The official in question is Gregory Jaczko, the chairman of the United States Nuclear Regulatory Commission. He testified before Congress on Wednesday, March 16, 2011, about the crisis.
According to the article, "Mr. Jaczko (pronounced YAZZ-koe) said radiation levels might make it impossible to continue what he called the “backup backup” cooling functions that have so far helped check the fuel melting inside the reactors. Those efforts consist of using fire hoses to dump water on overheated fuel and then letting the radioactive steam vent into the atmosphere.
"Those emergency measures, carried out by a small squad of workers and firefighters, represent Japan’s central effort to forestall a full-blown fuel meltdown that would lead to much higher releases of radioactive material into the air.
"Mr. Jaczko’s testimony, the most extended comments by a senior American official on Japan’s nuclear disaster, described what amounts to an agonizing choice for Japanese authorities: keep sending workers into an increasingly contaminated area in a last-ditch effort to cover nuclear fuel with water, or do more to protect the workers but risk letting the pools boil away — and thus risk a broader meltdown."
The article adds, "On Wednesday, the American Embassy in Tokyo, on advice from the Nuclear Regulatory Commission, told Americans to evacuate a radius of “approximately 50 miles” from the Fukushima plant.

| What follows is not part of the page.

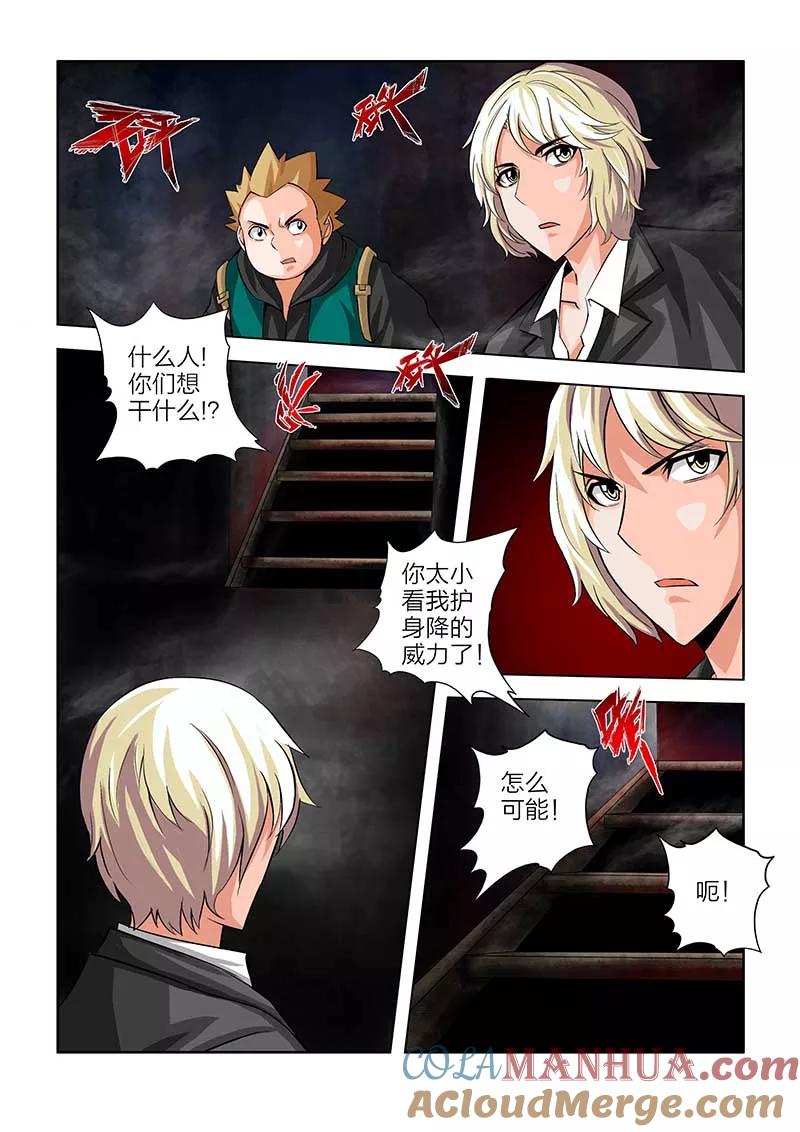 第55话-川灵物语-恶人谷漫画（第3张）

The advice to Americans in Japan represents a graver assessment of the risk in the immediate vicinity of Daiichi than the warnings made by the Japanese themselves, who have told everyone within 20 kilometers, about 12 miles, to evacuate, and those within about 20 miles to take shelter."
The story also notes, "While maps of the plume of radiation being given off by the plant show that an elongated cloud will stretch across the Pacific, American officials said it would be so dissipated by the time it reached the West Coast of the United States that it would not pose a health threat.
"According to a Swedish government researcher, Lars-Erik De Geer, , low concentrations of radioactive particles are heading eastward from the power plant toward North America, but not at levels dangerous for humans, Reuters reported. He was citing data from a network of international monitoring stations."